**Task objective**
Once you have read the data below, set it all down again exactly.

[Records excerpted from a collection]
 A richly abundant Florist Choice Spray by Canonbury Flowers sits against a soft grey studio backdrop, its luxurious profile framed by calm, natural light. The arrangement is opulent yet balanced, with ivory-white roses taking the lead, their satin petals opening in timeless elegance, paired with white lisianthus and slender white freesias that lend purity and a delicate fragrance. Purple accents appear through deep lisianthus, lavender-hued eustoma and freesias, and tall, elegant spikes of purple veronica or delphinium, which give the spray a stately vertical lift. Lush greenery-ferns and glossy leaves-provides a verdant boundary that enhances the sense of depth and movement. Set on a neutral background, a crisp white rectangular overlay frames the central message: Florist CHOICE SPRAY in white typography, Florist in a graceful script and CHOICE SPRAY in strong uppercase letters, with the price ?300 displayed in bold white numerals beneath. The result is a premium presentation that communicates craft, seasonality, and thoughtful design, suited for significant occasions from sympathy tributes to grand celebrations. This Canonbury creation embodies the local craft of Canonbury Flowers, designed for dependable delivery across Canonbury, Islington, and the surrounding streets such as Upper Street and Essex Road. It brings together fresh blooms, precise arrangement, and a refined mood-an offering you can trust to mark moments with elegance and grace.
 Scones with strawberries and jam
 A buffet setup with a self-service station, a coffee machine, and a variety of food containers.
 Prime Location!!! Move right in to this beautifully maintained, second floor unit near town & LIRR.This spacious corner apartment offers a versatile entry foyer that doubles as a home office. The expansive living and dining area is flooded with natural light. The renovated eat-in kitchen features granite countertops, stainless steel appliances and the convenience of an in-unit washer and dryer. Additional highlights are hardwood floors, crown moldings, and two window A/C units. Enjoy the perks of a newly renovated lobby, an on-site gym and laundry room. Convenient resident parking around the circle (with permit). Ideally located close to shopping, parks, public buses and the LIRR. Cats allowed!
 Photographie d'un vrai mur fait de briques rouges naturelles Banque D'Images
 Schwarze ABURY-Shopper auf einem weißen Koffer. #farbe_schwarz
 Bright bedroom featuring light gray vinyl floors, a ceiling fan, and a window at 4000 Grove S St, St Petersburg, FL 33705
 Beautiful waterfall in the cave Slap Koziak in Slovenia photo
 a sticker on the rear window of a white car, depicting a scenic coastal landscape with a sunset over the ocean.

**Answer to the problem**
 A richly abundant Florist Choice Spray by Canonbury Flowers sits against a soft grey studio backdrop, its luxurious profile framed by calm, natural light. The arrangement is opulent yet balanced, with ivory-white roses taking the lead, their satin petals opening in timeless elegance, paired with white lisianthus and slender white freesias that lend purity and a delicate fragrance. Purple accents appear through deep lisianthus, lavender-hued eustoma and freesias, and tall, elegant spikes of purple veronica or delphinium, which give the spray a stately vertical lift. Lush greenery-ferns and glossy leaves-provides a verdant boundary that enhances the sense of depth and movement. Set on a neutral background, a crisp white rectangular overlay frames the central message: Florist CHOICE SPRAY in white typography, Florist in a graceful script and CHOICE SPRAY in strong uppercase letters, with the price ?300 displayed in bold white numerals beneath. The result is a premium presentation that communicates craft, seasonality, and thoughtful design, suited for significant occasions from sympathy tributes to grand celebrations. This Canonbury creation embodies the local craft of Canonbury Flowers, designed for dependable delivery across Canonbury, Islington, and the surrounding streets such as Upper Street and Essex Road. It brings together fresh blooms, precise arrangement, and a refined mood-an offering you can trust to mark moments with elegance and grace.
 Scones with strawberries and jam
 A buffet setup with a self-service station, a coffee machine, and a variety of food containers.
 Prime Location!!! Move right in to this beautifully maintained, second floor unit near town & LIRR.This spacious corner apartment offers a versatile entry foyer that doubles as a home office. The expansive living and dining area is flooded with natural light. The renovated eat-in kitchen features granite countertops, stainless steel appliances and the convenience of an in-unit washer and dryer. Additional highlights are hardwood floors, crown moldings, and two window A/C units. Enjoy the perks of a newly renovated lobby, an on-site gym and laundry room. Convenient resident parking around the circle (with permit). Ideally located close to shopping, parks, public buses and the LIRR. Cats allowed!
 Photographie d'un vrai mur fait de briques rouges naturelles Banque D'Images
 Schwarze ABURY-Shopper auf einem weißen Koffer. #farbe_schwarz
 Bright bedroom featuring light gray vinyl floors, a ceiling fan, and a window at 4000 Grove S St, St Petersburg, FL 33705
 Beautiful waterfall in the cave Slap Koziak in Slovenia photo
 a sticker on the rear window of a white car, depicting a scenic coastal landscape with a sunset over the ocean.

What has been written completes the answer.